● **Data excerpts**:

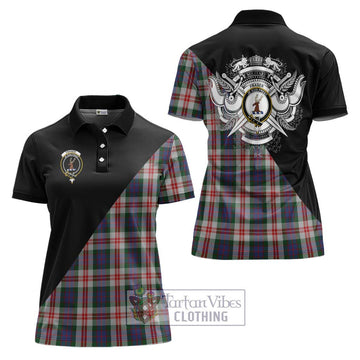 Fraser Red Dress Tartan Women's Polo Shirt with Family Crest and Military Logo Style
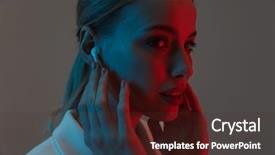  Presentation with 80s era neon lights sign - Amazing slide set having camera while standing under neon backdrop and a tawny brown colored foreground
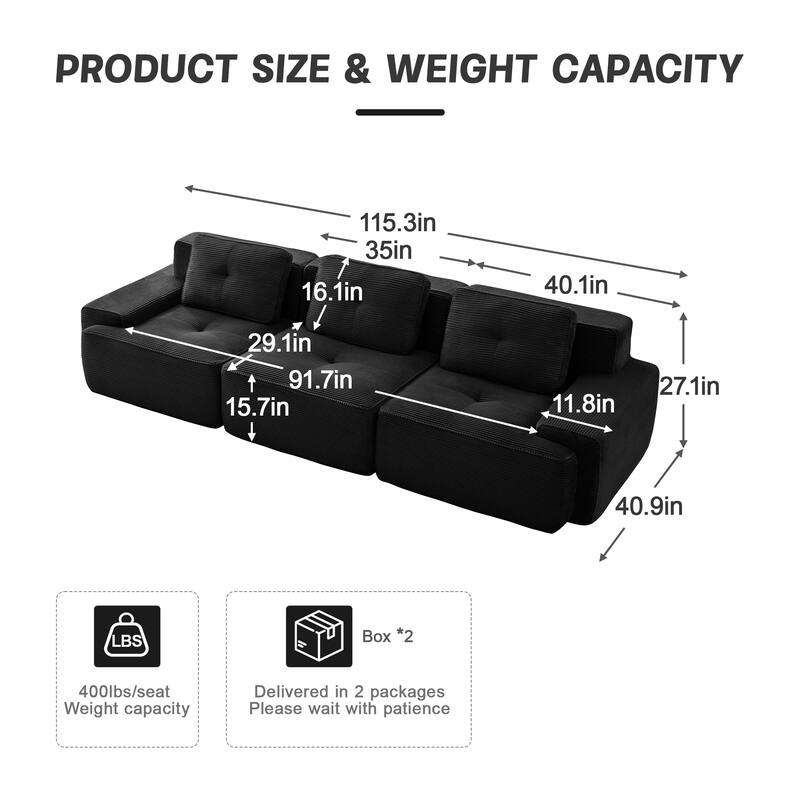 Roomfitters No Assembly Modular Sofa, 117 Inch Corduroy 3-Seater with Piping, Black
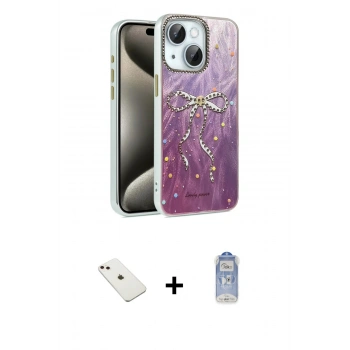 MARSİLYAN™- iPhone 14 Kılıf Zirve Modern Prime - Siyah Joko Magic 5D Cam + Diamond Kamera Lens - PE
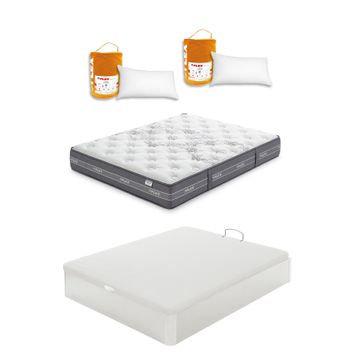 Pack Colchon Flex Nube Visco   150x182 + Canape Abatible Reforzado Blanco +  2 Almohadas Lider Flex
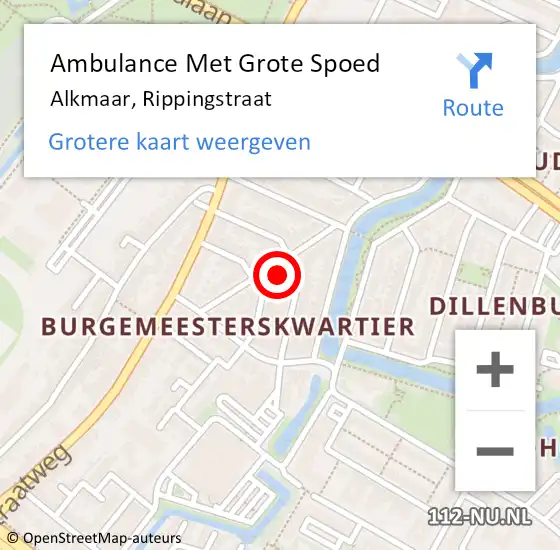 Locatie op kaart van de 112 melding: Ambulance Met Grote Spoed Naar Alkmaar, Rippingstraat op 16 november 2021 12:11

● **WORK TO BE COMPLETED**: All of the data must be repeated exactly, except for the pictures.

● **RESPONSE AREA**:
 Fraser Red Dress Tartan Women's Polo Shirt with Family Crest and Military Logo Style
  Presentation with 80s era neon lights sign - Amazing slide set having camera while standing under neon backdrop and a tawny brown colored foreground
 Roomfitters No Assembly Modular Sofa, 117 Inch Corduroy 3-Seater with Piping, Black
 MARSİLYAN™- iPhone 14 Kılıf Zirve Modern Prime - Siyah Joko Magic 5D Cam + Diamond Kamera Lens - PE
 Pack Colchon Flex Nube Visco   150x182 + Canape Abatible Reforzado Blanco +  2 Almohadas Lider Flex
 Locatie op kaart van de 112 melding: Ambulance Met Grote Spoed Naar Alkmaar, Rippingstraat op 16 november 2021 12:11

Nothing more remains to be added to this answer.